[Input data — start]

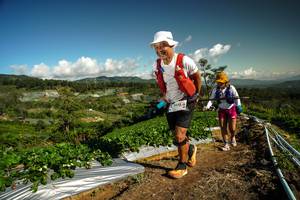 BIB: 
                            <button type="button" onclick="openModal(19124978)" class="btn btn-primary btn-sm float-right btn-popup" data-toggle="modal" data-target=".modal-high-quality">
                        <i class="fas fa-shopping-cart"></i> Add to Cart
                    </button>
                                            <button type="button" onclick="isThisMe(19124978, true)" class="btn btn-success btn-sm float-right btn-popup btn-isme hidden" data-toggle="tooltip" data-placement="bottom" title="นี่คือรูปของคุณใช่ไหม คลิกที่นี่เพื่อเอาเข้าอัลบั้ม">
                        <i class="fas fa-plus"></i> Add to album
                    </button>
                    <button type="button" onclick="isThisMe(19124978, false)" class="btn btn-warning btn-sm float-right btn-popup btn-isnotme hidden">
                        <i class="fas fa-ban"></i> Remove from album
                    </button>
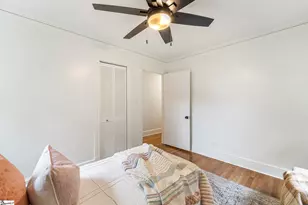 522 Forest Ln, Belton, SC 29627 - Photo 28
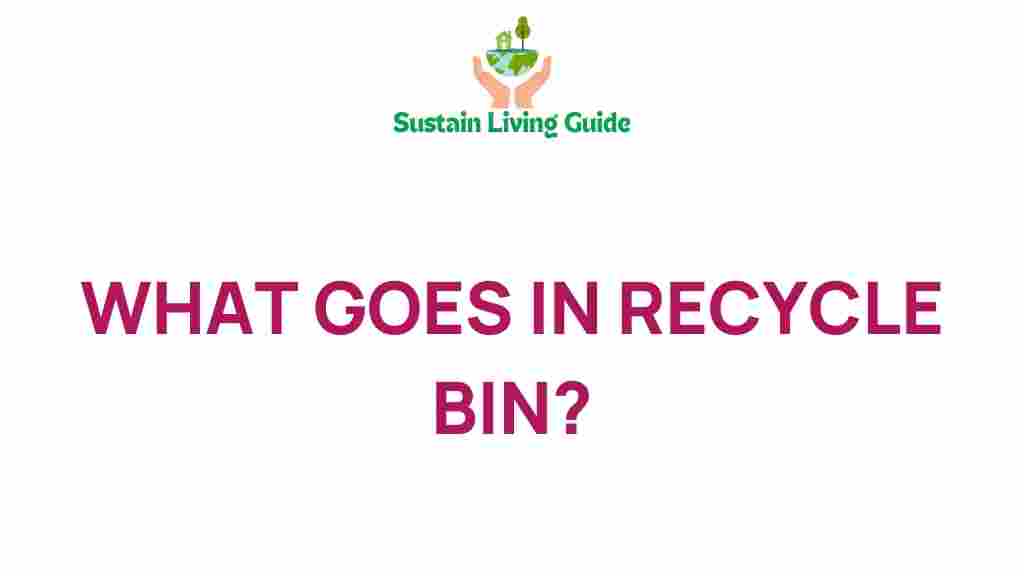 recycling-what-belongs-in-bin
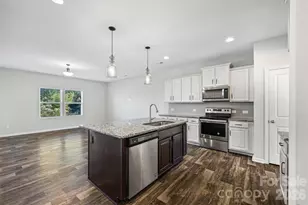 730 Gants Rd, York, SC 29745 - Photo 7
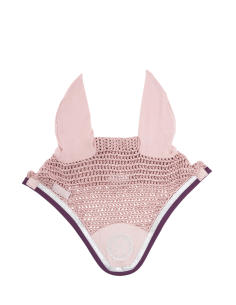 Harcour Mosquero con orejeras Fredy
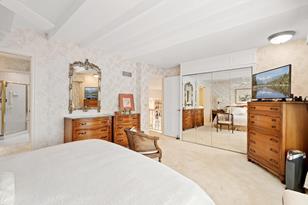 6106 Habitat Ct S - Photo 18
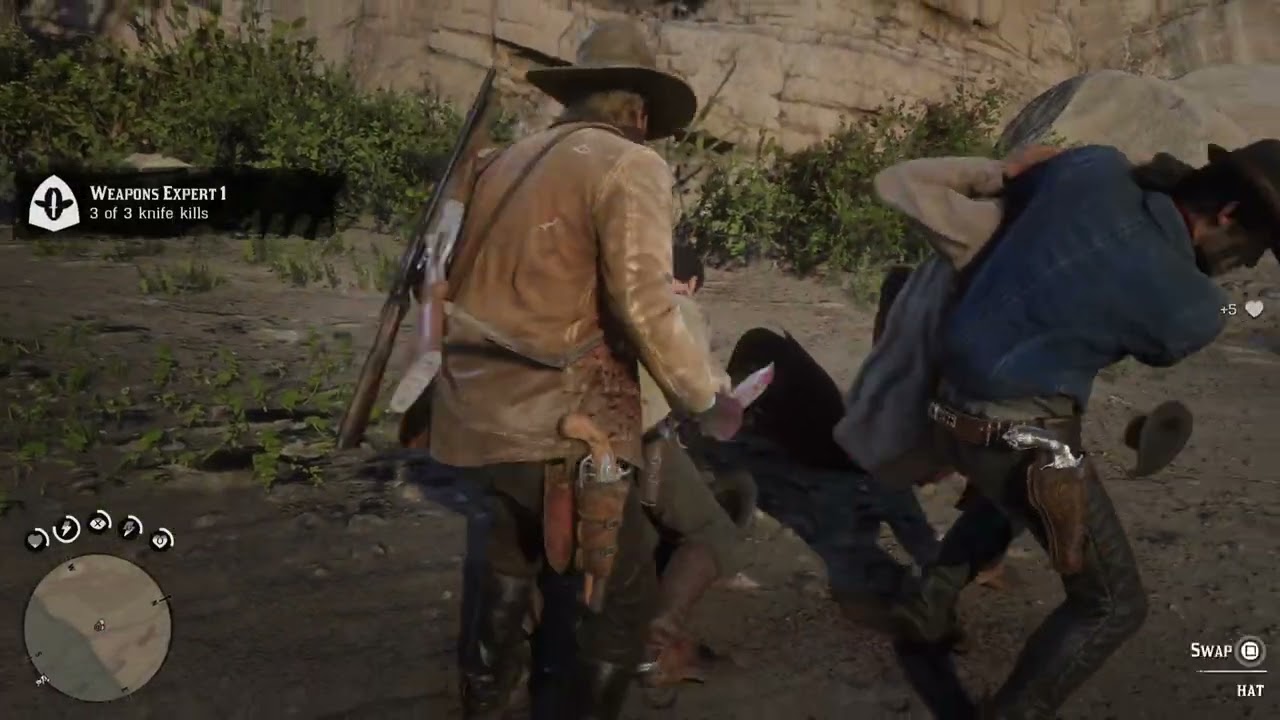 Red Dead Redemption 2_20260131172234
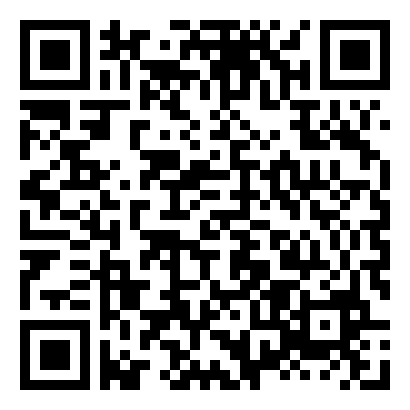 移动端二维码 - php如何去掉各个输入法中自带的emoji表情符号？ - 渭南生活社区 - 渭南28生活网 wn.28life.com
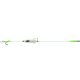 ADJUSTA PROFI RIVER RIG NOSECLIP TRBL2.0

[Input data — finish]

* [Instructions to follow]:
All records above are to be repeated exactly, with the images left out.

* [Result]:
 BIB: 
                            <button type="button" onclick="openModal(19124978)" class="btn btn-primary btn-sm float-right btn-popup" data-toggle="modal" data-target=".modal-high-quality">
                        <i class="fas fa-shopping-cart"></i> Add to Cart
                    </button>
                                            <button type="button" onclick="isThisMe(19124978, true)" class="btn btn-success btn-sm float-right btn-popup btn-isme hidden" data-toggle="tooltip" data-placement="bottom" title="นี่คือรูปของคุณใช่ไหม คลิกที่นี่เพื่อเอาเข้าอัลบั้ม">
                        <i class="fas fa-plus"></i> Add to album
                    </button>
                    <button type="button" onclick="isThisMe(19124978, false)" class="btn btn-warning btn-sm float-right btn-popup btn-isnotme hidden">
                        <i class="fas fa-ban"></i> Remove from album
                    </button>
 522 Forest Ln, Belton, SC 29627 - Photo 28
 recycling-what-belongs-in-bin
 730 Gants Rd, York, SC 29745 - Photo 7
 Harcour Mosquero con orejeras Fredy
 6106 Habitat Ct S - Photo 18
 Red Dead Redemption 2_20260131172234
 移动端二维码 - php如何去掉各个输入法中自带的emoji表情符号？ - 渭南生活社区 - 渭南28生活网 wn.28life.com
 ADJUSTA PROFI RIVER RIG NOSECLIP TRBL2.0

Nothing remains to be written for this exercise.